The conservative-inspired “Impeach Obama” campaign will wax and wane over the next two political years, a weird residue of the benighted effort to impeach President Bill Clinton fifteen years ago. Even though the Impeach Clinton effort failed somewhat ignominiously, it has empowered true believers of the Left and Right to think of impeachment as an ordinary tool of American politics.
Thus, as the administration of President George W. Bush limped through its final days, liberal Democrats in Congress introduced resolutions to investigate his impeachment, or to flat-out impeach him. By 2008, liberal gadfly Dennis Kucinich of Ohio worked to force a vote in the House of Representatives on his claims that Bush’s foreign invasions based on false efforts (“he lied us into war” in Iraq) warranted his removal from office.
Now it’s President Obama’s turn. Impeachment advocates, including Sarah Palin, recite a laundry list of executive actions by Obama that supposedly exceeded his constitutional powers and justify impeachment and removal from office: actions on immigration policy, lies about Obamacare health insurance coverage (“if you like your coverage, you can keep it”), and launching the United States into “war” in Libya.
That these efforts have been doomed is a blessing for our constitutional government, yet they all reflect a fundamental confusion about what impeachment involves. That confusion has persisted in American government since the Constitution was ratified in 1788. The core of the problem is the constitutional standard for impeachable offenses — that the accused federal office-holder have committed “treason, bribery, or high crimes and misdemeanors.” “Treason” and “bribery” are never the issue. But what the heck are “high crimes and misdemeanors”? [Answer at the end of this post.]

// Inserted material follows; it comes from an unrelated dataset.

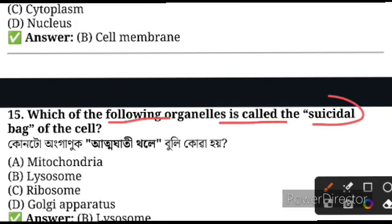Question number 15: Which organelle is called the suicidal bag of the cell? The suicidal bag — the answer is lysosome. Ribosome performs protein synthesis.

My engagement with impeachment has been long and fairly intense. I defended a federal judge from Mississippi in a Senate impeachment trial and then filed a lawsuit challenging the Senate’s trial procedures in Nixon v. United States, a case that I ultimately argued (and lost) before the U.S. Supreme Court. And I wrote a book, Impeached, about the 1868 impeachment trial of President Andrew Johnson, in which Johnson won acquittal by a single vote in the Senate.
For those seriously interested in the question of impeachment beyond the demagoguery of the moment, I recommend the following five books:
- Impeached, by moi — What did you expect me to recommend? The Johnson impeachment was a confusing mess. The accusations against him seemed picayune, yet the passions of the impeachers were titanic: they believed the fate of the Union and the outcome of the Civil War turned on Johnson’s trial. Dark men prowled Washington’s streets with satchels of money, looking for Senators to bribe on the impeachment vote. Somehow, the opaque impeachment clause of the Constitution brought about a peaceful resolution of a bitter national crisis.
- Impeachment: A Handbook, by Charles L. Black, Jr. — Not so much a book as a quiet conversation with a thoughtful constitutional law professor at Yale. Black lucidly explains each of the elements of the impeachment process and what they aim to achieve. I don’t agree with all of his conclusions, but it’s a valuable book.
- Impeachment: The Constitutional Problems, by Raoul Berger — In many ways, this volume is the polar opposite to Black’s. Berger disagrees with Black on several points and occasionally loses his way in hoary English impeachment precedents from medieval days. Meaning no disrespect to Berger, I find his book most valuable for proving that historical analysis of English impeachment will never solve the fundamental problems of making sense of impeachment under the U.S. Constitution. You may conclude otherwise.
- The Impeachment and Trial of Andrew Johnson, by Michael Les Benedict — A notable work because Benedict was willing to say out loud that President Johnson should have been impeached. He spends a good deal of time analyzing congressional voting patterns in the 1860s, but you can skip those sections.
- The Breach: Inside the Impeachment and Trial of William Jefferson Clinton, by Peter Baker — Despite the occasional journalistic hyperventilation, this examination of the Clinton impeachment train wreck provides an agonizing dissection of how the nation careened into its continuing infatuation with presidential impeachment.
OK, now my thoughts on “high crimes and misdemeanors”: they must be an abuse of the president’s constitutional powers that justify his removal from office, though they need not be a crime. Lots of crimes are penny-ante. Take the Clinton case. President Clinton lied under oath about his sex life. I abhor his lie. It was not, however, an abuse of his official powers.
Is that subjective? You bet. Although impeachment is dressed up in judicial processes, it is a profoundly political act: Congress removes the elected leader of the nation, the only public official elected by the entire nation. You don’t impeach and remove a president because you don’t like his policies. So long as he can reasonably claim that he acted within his powers — even if a reasonable case can be made that he didn’t — then he should not be impeached.